[Task directions] Would you reproduce the whole listing exactly, dropping any pictures it holds?

--- Data excerpt ---

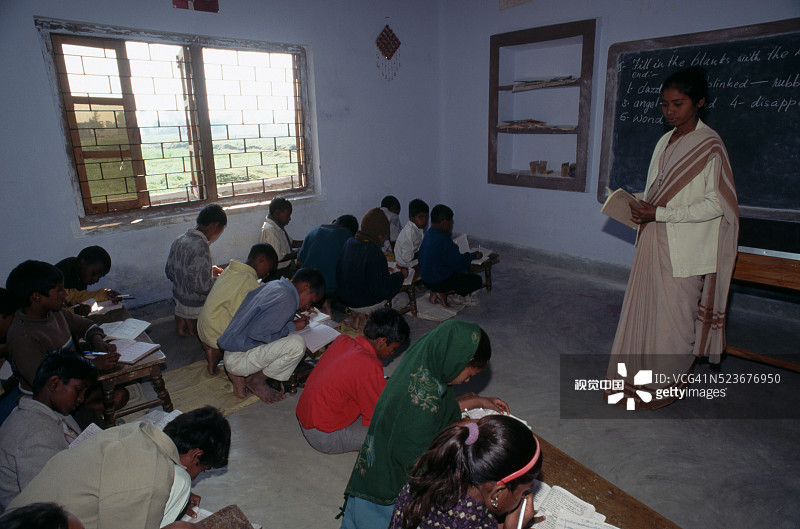 印度菩提伽耶学校里的孩子们图片素材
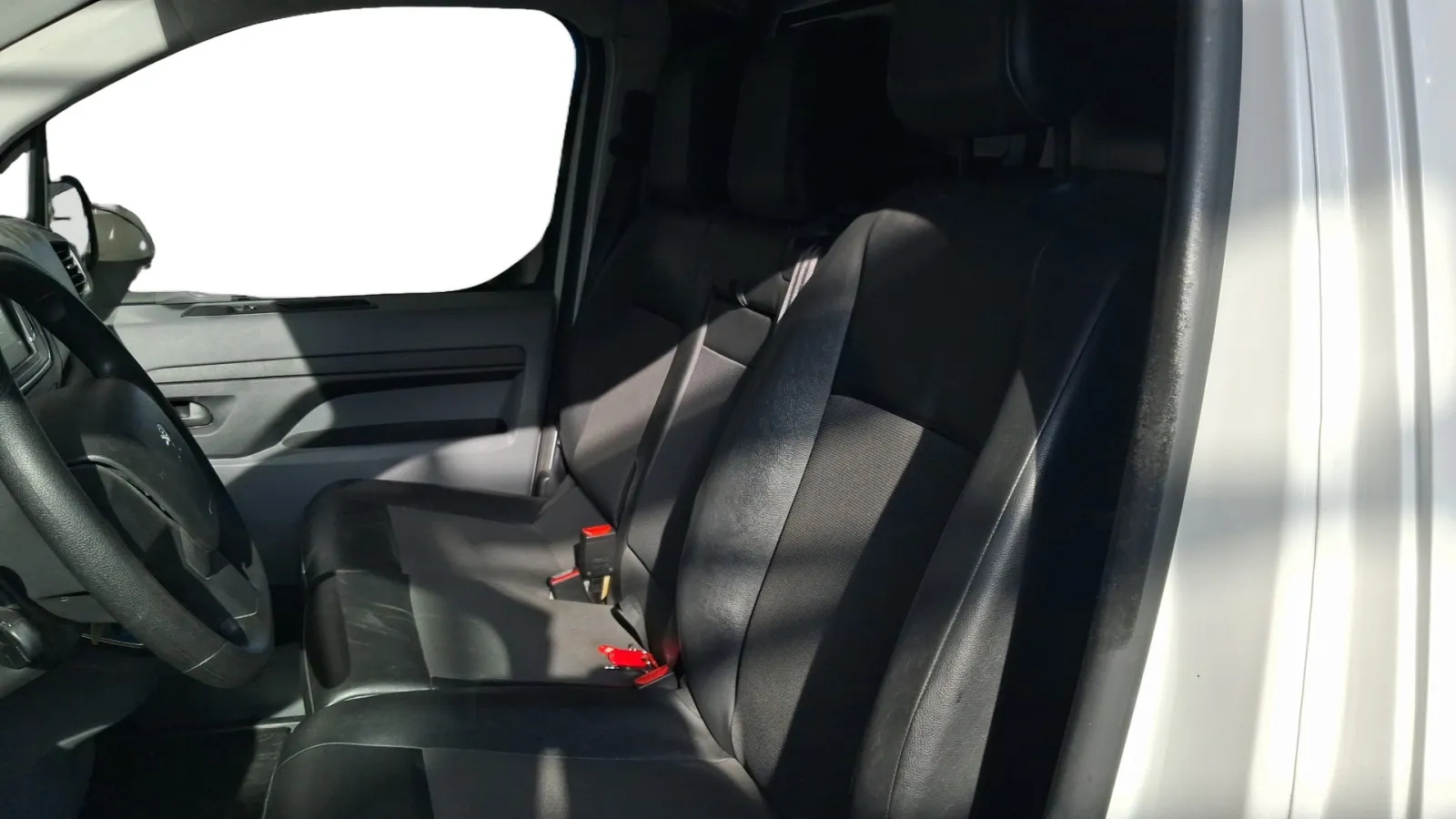 Acheter une peugeot EXPERT FGN TOLE STANDARD ELECTRIQUE 50KWH 136 d’occasion avec 55378km disponible immédiatement - photo 11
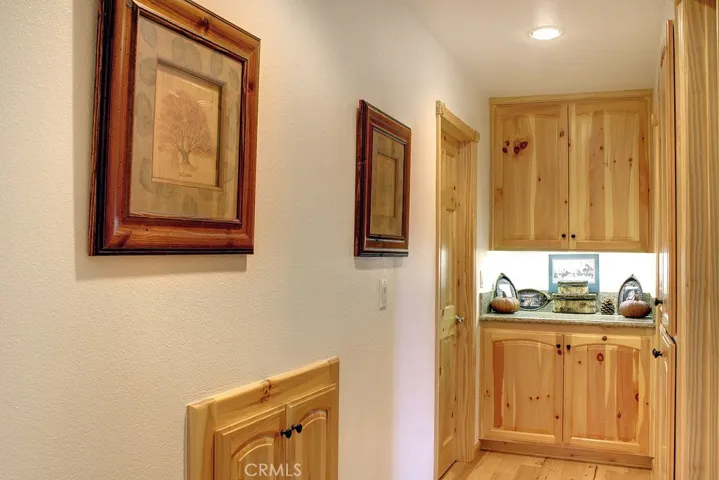 104 Bayside Drive, Big Bear, California 92315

---

[Solution to this exercise]
 印度菩提伽耶学校里的孩子们图片素材
 Acheter une peugeot EXPERT FGN TOLE STANDARD ELECTRIQUE 50KWH 136 d’occasion avec 55378km disponible immédiatement - photo 11
 104 Bayside Drive, Big Bear, California 92315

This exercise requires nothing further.